-- TASK DESCRIPTION --
Transcribe the lines below verbatim, skipping the images.

-- RECORDED DATA --
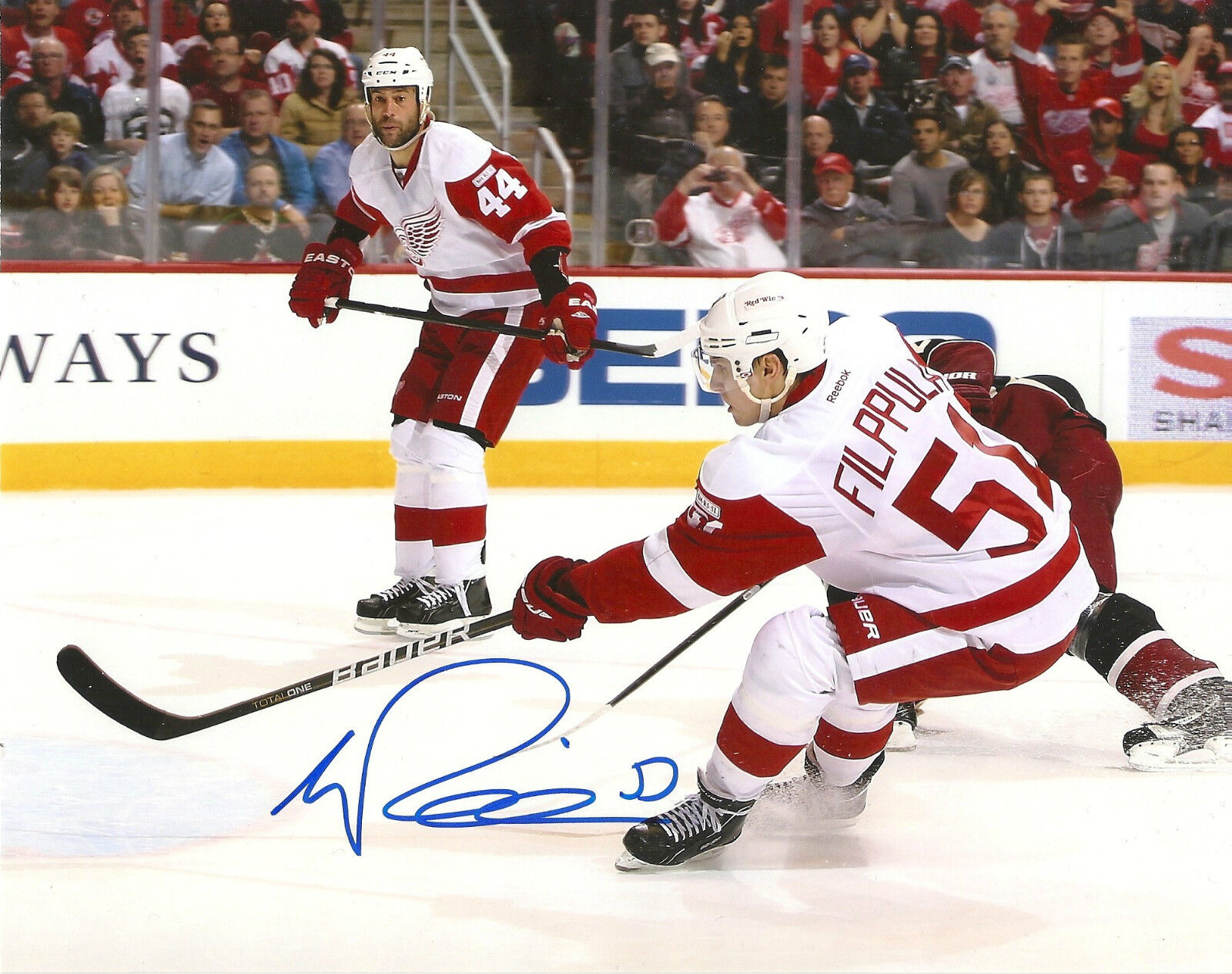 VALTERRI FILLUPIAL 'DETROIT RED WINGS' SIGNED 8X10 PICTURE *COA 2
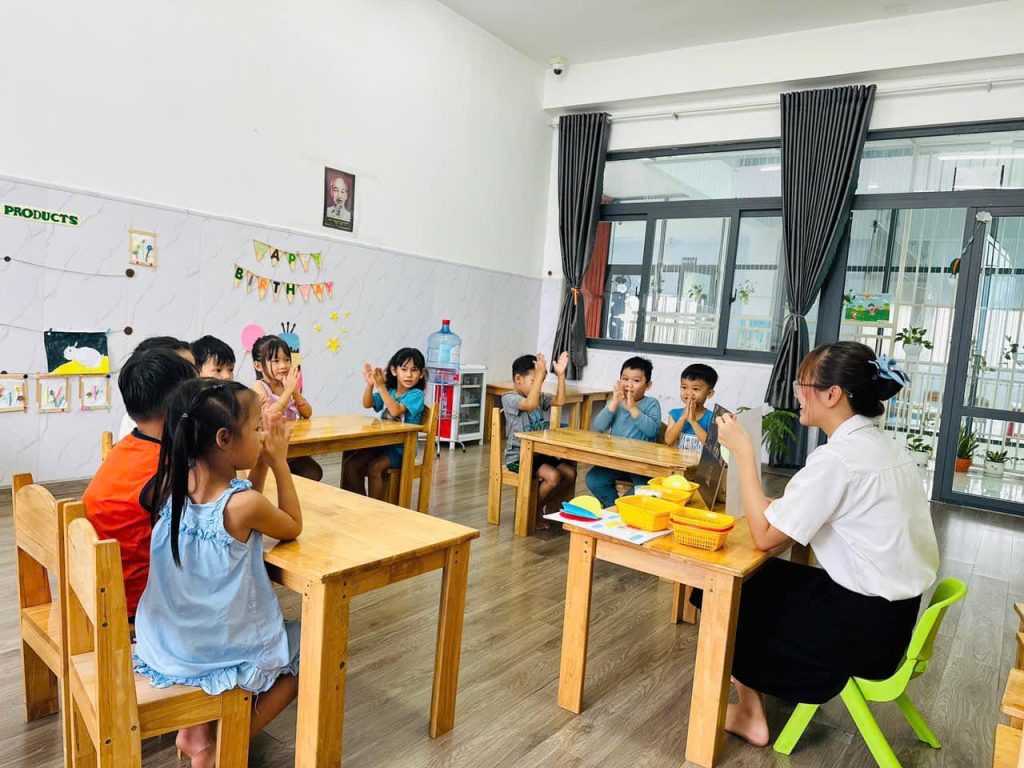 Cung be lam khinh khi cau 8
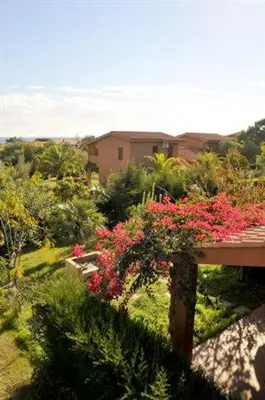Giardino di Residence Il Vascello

-- RESPONSE --
 VALTERRI FILLUPIAL 'DETROIT RED WINGS' SIGNED 8X10 PICTURE *COA 2
 Cung be lam khinh khi cau 8
Giardino di Residence Il Vascello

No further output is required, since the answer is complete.